When a defendant‘s motion for mistrial is denied, reversible error exists only if that denial subjects the defendant to grave peril. Taylor v. State, 587 N.E.2d 1293, 1299 (Ind.1992). Grave peril is measured by the probable persuasive effect on the jury. Id. On appeal, the trial court‘s decision is reviewed only for an abuse of discretion. Steele v. State, 672 N.E.2d 1348, 1350 (Ind.1996).
We have recently addressed this issue in Moore v. State, 669 N.E.2d 733 (Ind.1996). Analyzing both the historical and contemporary treatment of a prosecutor‘s comments on the defendant‘s failure to testify, we held that: “The Fifth Amendment privilege against compulsory self-incrimination is violated when a prosecutor makes a statement that is subject to reasonable interpretation by a jury as an invitation to draw an adverse inference from a defendant‘s silence.” Id. at 739. Moore makes clear that direct and indirect references to the defendant‘s failure to testify are not, per se, improper. Id. We therefore look to whether the prosecutor‘s comments in this case could reasonably be interpreted by the jury as an invitation to draw an adverse inference from the defendant‘s silence.

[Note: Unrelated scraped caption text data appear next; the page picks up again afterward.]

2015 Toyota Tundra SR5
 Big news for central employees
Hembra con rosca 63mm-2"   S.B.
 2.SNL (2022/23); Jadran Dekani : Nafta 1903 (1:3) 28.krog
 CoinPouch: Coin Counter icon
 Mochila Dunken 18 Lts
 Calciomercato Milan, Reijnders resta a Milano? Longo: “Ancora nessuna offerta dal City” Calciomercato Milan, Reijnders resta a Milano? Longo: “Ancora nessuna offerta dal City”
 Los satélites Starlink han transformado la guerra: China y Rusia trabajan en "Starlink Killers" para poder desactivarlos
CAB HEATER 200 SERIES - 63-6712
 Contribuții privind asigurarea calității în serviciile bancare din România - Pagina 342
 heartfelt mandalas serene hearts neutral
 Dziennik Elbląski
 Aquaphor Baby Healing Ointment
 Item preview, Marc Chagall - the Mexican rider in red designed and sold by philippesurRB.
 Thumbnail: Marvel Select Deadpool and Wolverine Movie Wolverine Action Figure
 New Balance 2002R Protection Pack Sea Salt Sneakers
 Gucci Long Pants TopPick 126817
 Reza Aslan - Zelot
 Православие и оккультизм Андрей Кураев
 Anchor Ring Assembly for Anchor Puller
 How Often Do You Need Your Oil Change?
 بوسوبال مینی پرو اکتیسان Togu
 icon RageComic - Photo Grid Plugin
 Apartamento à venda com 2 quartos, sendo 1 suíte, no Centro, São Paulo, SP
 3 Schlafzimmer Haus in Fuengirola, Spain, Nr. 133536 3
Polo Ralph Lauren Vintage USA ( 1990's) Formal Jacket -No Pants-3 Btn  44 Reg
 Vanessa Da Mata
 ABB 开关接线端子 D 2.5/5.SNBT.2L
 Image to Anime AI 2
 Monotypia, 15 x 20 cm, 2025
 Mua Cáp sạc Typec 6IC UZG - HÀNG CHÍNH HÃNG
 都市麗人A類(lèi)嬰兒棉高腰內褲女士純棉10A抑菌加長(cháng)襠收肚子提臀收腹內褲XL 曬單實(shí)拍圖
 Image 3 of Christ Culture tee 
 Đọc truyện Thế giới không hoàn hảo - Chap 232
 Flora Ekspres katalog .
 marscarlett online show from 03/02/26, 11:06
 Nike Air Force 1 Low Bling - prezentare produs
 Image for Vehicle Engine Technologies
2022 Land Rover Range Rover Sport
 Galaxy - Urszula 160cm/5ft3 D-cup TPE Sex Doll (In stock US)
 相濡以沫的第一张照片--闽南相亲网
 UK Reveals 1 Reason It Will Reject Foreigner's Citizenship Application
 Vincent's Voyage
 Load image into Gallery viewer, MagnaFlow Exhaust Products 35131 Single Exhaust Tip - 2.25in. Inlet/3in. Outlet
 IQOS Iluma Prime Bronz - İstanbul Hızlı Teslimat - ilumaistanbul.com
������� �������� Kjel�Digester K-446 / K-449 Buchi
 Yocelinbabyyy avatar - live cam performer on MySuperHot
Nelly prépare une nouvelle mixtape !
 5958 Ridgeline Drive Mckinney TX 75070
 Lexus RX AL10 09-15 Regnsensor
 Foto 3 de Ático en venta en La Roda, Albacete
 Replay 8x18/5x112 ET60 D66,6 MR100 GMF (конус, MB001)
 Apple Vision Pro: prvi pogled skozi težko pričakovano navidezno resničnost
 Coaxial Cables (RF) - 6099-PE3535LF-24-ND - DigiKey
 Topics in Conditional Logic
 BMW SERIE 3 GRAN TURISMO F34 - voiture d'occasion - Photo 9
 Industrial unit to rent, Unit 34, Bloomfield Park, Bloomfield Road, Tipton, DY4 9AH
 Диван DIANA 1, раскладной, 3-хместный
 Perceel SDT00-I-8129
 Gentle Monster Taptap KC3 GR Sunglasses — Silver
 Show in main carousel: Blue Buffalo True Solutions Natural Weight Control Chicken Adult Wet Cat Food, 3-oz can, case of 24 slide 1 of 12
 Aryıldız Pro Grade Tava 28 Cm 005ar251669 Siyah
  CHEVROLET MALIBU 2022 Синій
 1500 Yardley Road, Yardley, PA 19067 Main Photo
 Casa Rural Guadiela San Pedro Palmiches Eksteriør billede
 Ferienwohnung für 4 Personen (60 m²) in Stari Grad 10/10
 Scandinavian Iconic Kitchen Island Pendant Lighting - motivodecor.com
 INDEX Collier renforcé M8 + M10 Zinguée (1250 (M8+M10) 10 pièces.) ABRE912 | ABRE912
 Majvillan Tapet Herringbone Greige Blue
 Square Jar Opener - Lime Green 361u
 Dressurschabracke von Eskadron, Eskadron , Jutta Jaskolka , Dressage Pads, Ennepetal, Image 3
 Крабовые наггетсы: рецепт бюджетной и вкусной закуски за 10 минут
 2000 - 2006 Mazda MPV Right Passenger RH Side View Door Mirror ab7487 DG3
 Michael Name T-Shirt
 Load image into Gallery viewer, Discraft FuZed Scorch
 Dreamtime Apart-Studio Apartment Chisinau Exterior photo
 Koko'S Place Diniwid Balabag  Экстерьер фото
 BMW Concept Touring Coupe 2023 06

The jury in this case could not reasonably have interpreted the prosecutor‘s comments as suggestion to infer guilt from the defendant‘s silence. While the prosecutor could have been more articulate, it is clear that he was responding to any possible implications that the defendant‘s confession was less than voluntary. His “challenge” to defense counsel was made to illustrate that the only reason a defendant would confess to a crime he did not commit would be because of coercion or duress. He then pointed out that the State presented substantial evidence that the confession was not the result of coercion or duress. Consequently, he was arguing that the confession should be taken by the jury as direct evidence of the defendant‘s guilt. The theme of the State‘s argument was a challenge directed at defense counsel which pointed out the uncontradicted nature of the State‘s evidence of voluntariness and invited defense counsel to explain, in its closing argument, any contrary conclusions.
Because the jury could not have reasonably interpreted the State‘s argument as an impermissible suggestion, the probable persuasive effect on the jury does not rise to the level of grave peril. Therefore, the prosecutor did not commit reversible error and the trial court did not abuse its discretion in refusing to grant a mistrial and refusing to give an admonishment.18
5. Jury Instructions
The defendant argues that fundamental and reversible error occurred as the result of three jury instructions given by the trial court at the guilt and penalty phases of the trial.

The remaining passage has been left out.